Beschreibung
Die vorliegende Sammlung "Soziale Sünde und Revolution" aus der Tolstoi-Friedensbibliothek wird eingeleitet mit einem Vorwort von Gregor Gysi. Der Band vereinigt die zentralen Texte Leo N. Tolstois über das Privateigentum, die Versklavung der Arbeitenden, Wege der Befreiung und den Irrweg des Blutvergießens.
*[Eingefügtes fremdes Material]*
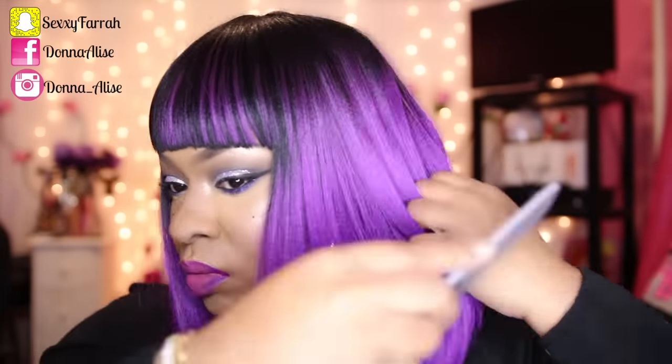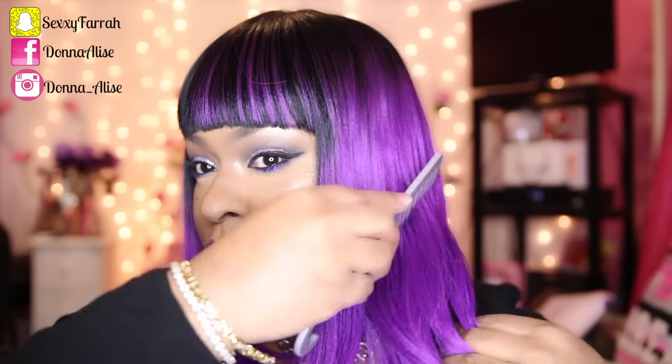You can see the little crinkles — you can see them kind of like there in the purple part of the hair. If you don't like those crinkles, all you have to do is flat iron it, and you can flat iron this hair up to 400 degrees.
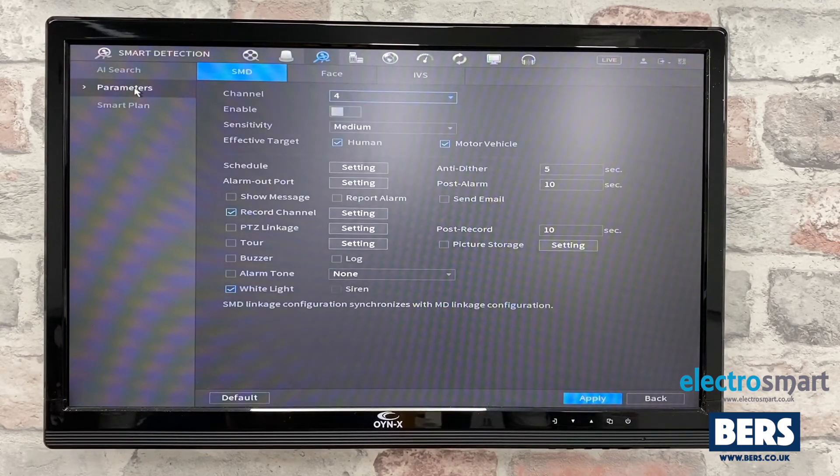Select the correct channel. Our camera is connected to channel 4. At the bottom, tick the white light to enable, or untick to disable. Then click apply.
Den frühen Ausführungen zur 'Geldtheorie' aus der Schrift "Was sollen wir denn tun?" (1882-1886) folgen Wortmeldungen zur 'Sozialen Frage' und zum politischen Zeitgeschehen aus dem letzten Lebensjahrzehnt des russischen Dichters: Moderne Sklaven (1900); Das einzige Mittel (1901); Der Zar und seine Helfershelfer (1901); An die Arbeiter (1902); Die große soziale Sünde (1905); Das Ende eines Zeitalters: Die bevorstehende Umwälzung (1905); Was tun? (1906); Aufruf an die Russen (1906); Die Bedeutung der russischen Revolution (1906); An den Premierminister P. A. Stolypin (1907); Brief an einen Revolutionär (1909); Über den Sozialismus (Fragment 1910); ausgewählte Aussagen Tolstois über die Beherrschten, die herrschende Klasse, Eigentumsverhältnisse und angestrebte Lösungen nach 'Protokollen' von Alexander Borissowitsch Goldenweiser (Zeitraum 1898-1909).
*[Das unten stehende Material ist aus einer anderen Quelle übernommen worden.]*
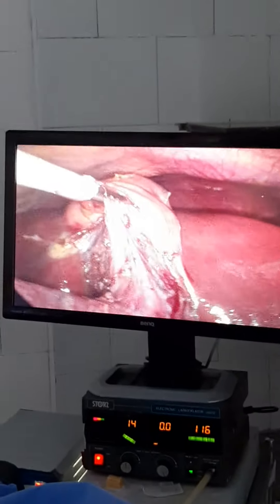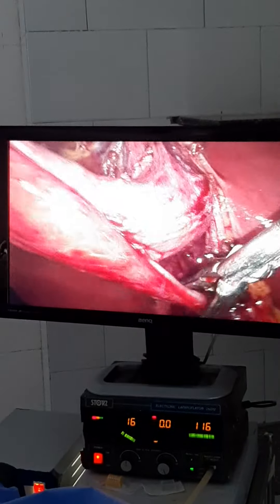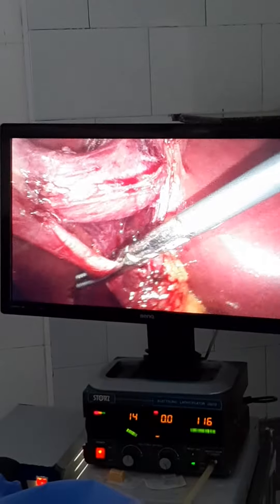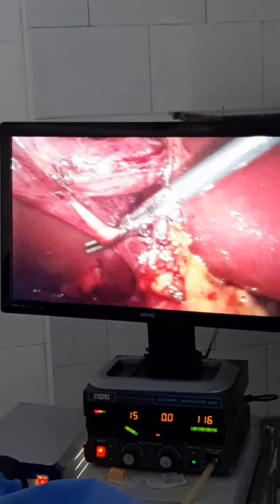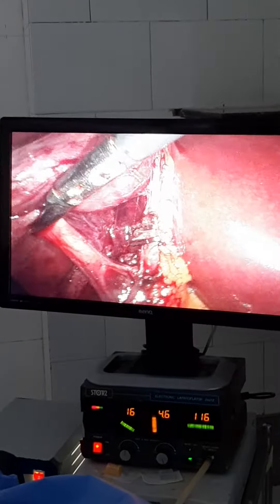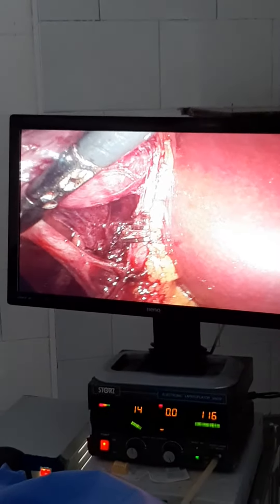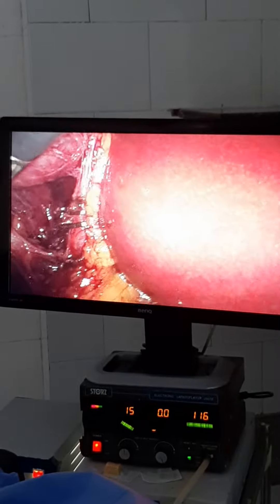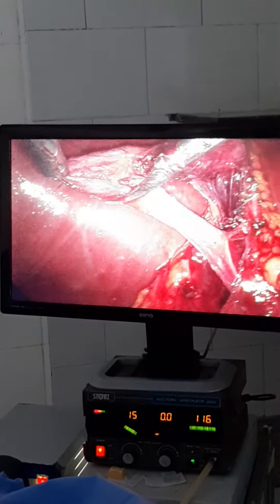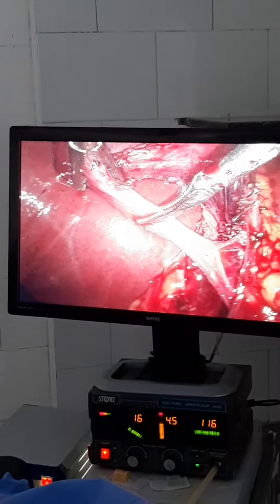We will do milking of the cystic duct. I want you to appreciate the long length of the cystic duct. Before clipping of the cystic duct, we will do milking of the cystic duct. I have done milking now to avoid stones slipping into the bile duct. You can now place the clip on the cystic artery.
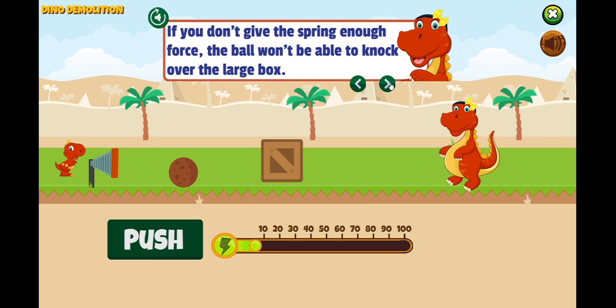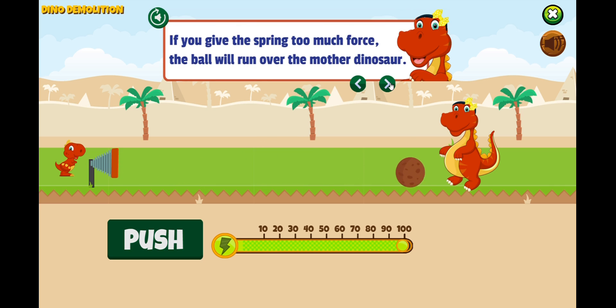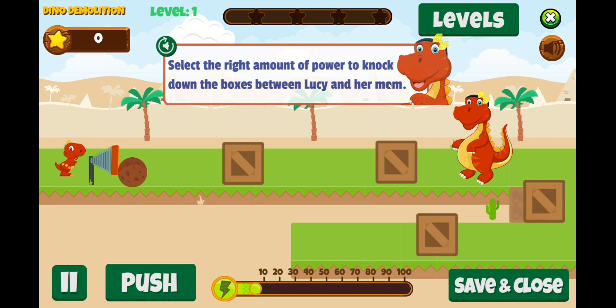If you don't give the spring enough force, the ball won't be able to knock over the large box. If you give the spring too much force, the ball will run over the mother dinosaur. Select the right amount of power to knock down the boxes between Lucy and her mom.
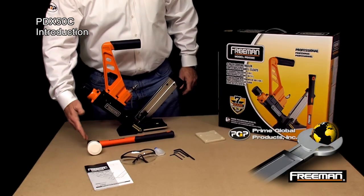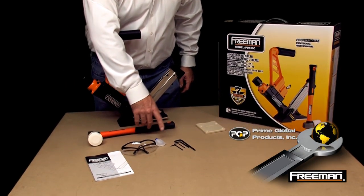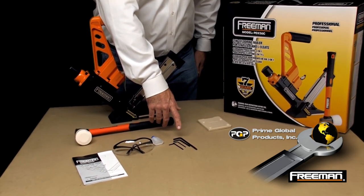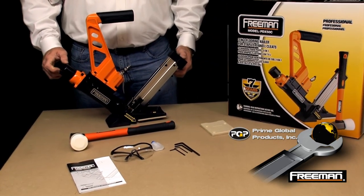The PDX50 comes with a fiberglass mallet, a product manual, goggles, pneumatic tool oil, wrenches that you'll need to change your base plate and clear any jams, and an additional floor plate or base plate for a half inch, five eighths, and nine sixteenths installation.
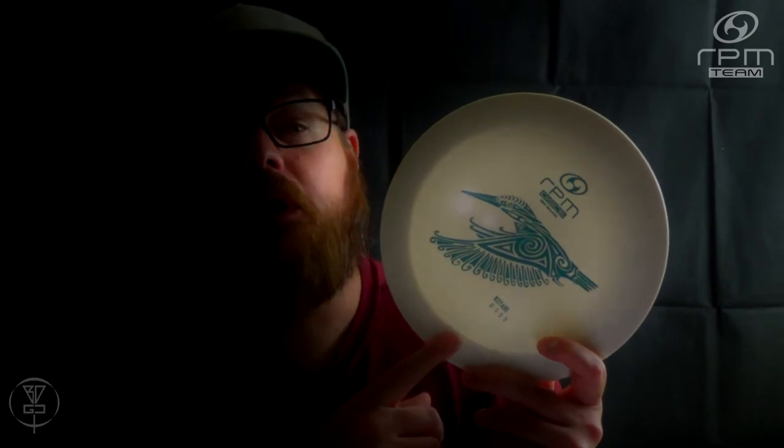If you want to learn more about the RPM Discs Cotare, make sure you subscribe to our channel because we will be doing a review and giveaway of a Cotare in the near future. Thank you for watching — as always, please click like, subscribe, comment, share this video with your friends, and help promote disc golf in your area.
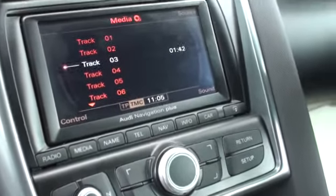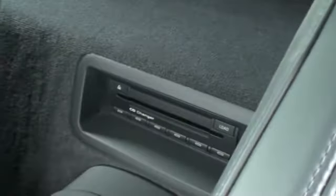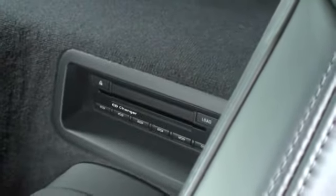You can get a retention kit to keep your CD changer, but this customer has opted not to because all his music is on his iPod. This is a genuine Audi kit.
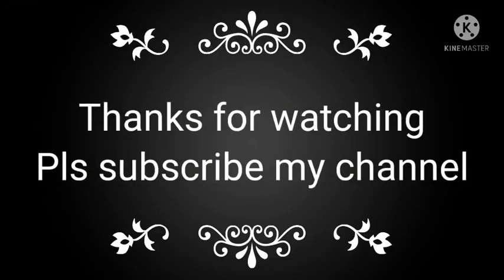If you subscribe to my channel and share with your friends, colleagues, and technicians, you can take the complete knowledge. Don't worry, thank you.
Tolstoi-Friedensbibliothek:
Reihe B, Band 7 (Signatur TFb_B007).
Herausgegeben von Peter Bürger.
Autorenportrait
Leo N. Tolstoi:
Leo (Lew) Nikolajewitsch Tolstoi (1828-1910) stammte aus einer begüterten russischen Adelsfamilie; die Mutter starb bereits 1830, der Vater im Jahr 1837. Zunächst widmete sich der junge Graf dem Studium orientalischer Sprachen (1844) und der Rechtswissenschaft (ab 1847). 1851 Eintritt in die Armee des Zarenreiches (Kaukasuskrieg, Krimkrieg 1854). 1862 Eheschließung mit Sofja Andrejewna, geb. Behrs (1844-1919); das Paar hatte insgesamt dreizehn Kinder (Hauptwohnsitz: Landgut Jasnaja Poljana bei Tula). Literarischen Weltruhm erlangte L. Tolstoi durch seine Romane "Krieg und Frieden" (1862-1869) und "Anna Karenina" (1873-1878). Ab einer tiefen Krise in den 1870er Jahren wurde die seit Jugendtagen virulente religiöse Sinnsuche zum "Hauptmotiv" des Lebens. Theologische bzw. religionsphilosophische Arbeiten markieren die Abkehr von einem auf dem Pakt mit der Macht erbauten orthodoxen Kirchentum (Exkommunikation 1901). Für Christen sah Tolstoi ausnahmslos keine Möglichkeit der Beteiligung an Staats-Eiden und Tötungsapparaten (Militär, Justiz, Todesstrafe, Herrschaftsideologie des Patriotismus, blutige Revolution mit Menschenopfern). Die in der Bergpredigt Jesu erkannte "Lehre vom Nichtwiderstreben" ließ ihn schließlich zu einem Inspirator Gandhis werden. Lackmusstext für den Wahrheitsgehalt aller Religionen waren für Tolstoi die Ablehnung jeglicher Gewalt und das Zeugnis für die Einheit der ganzen menschlichen Familie. Thomas Mann fand wenig Gefallen an der hochmoralischen "Kunsttheorie" und den (von Rosa Luxemburg z.T. durchaus geschätzten) Traktaten des späten Tolstoi, bemerkte aber - mit Blick auf die vielen Millionen Toten des Ersten Weltkriegs - 1928 anlässlich der Jahrhundertfeier von Tolstois Geburt: "Während der Krieg tobte, habe ich oft gedacht, dass er es nicht gewagt hätte auszubrechen, wenn im Jahre vierzehn die scharfen, durchdringenden grauen Augen des Alten von Jasnaja Poljana noch offen gewesen wären."
Peter Bürger:
Herausgeber: Peter Bürger (geb. 1961 in Eslohe/Sauerland), katholischer Theologe (Studium Bonn, Paderborn, Tübingen 1982-1987), Krankenpfleger (Examen 1991), psycho-soziale Berufsfelder; seit 2003 freier Publizist. Herausgeber der Reihe "Kirche & Weltkrieg" (https://kircheundweltkrieg.wordpress.com/) und des von ihm konzipierten Editionsprojektes "Tolstoi-Friedensbibliothek" (www.tolstoi-friedensbibliothek.de). Mitgliedschaften: Internationale katholische Friedensbewegung pax christi (ab 1980); Internationaler Versöhnungsbund (deutsche Sektion); DFG-VK; Solidarische Kirche im Rheinland; Ökumenisches Institut für Friedenstheologie. - Auszeichnungen für Forschungen (Kultur, Geschichte): Bertha-von-Suttner-Preis (Film & Medien, 2006); Förderpreis für Westfälische Landeskunde (2010); Johannes-Sass-Preis (2014); Rottendorf-Preis für niederdeutsche Literatur (2016).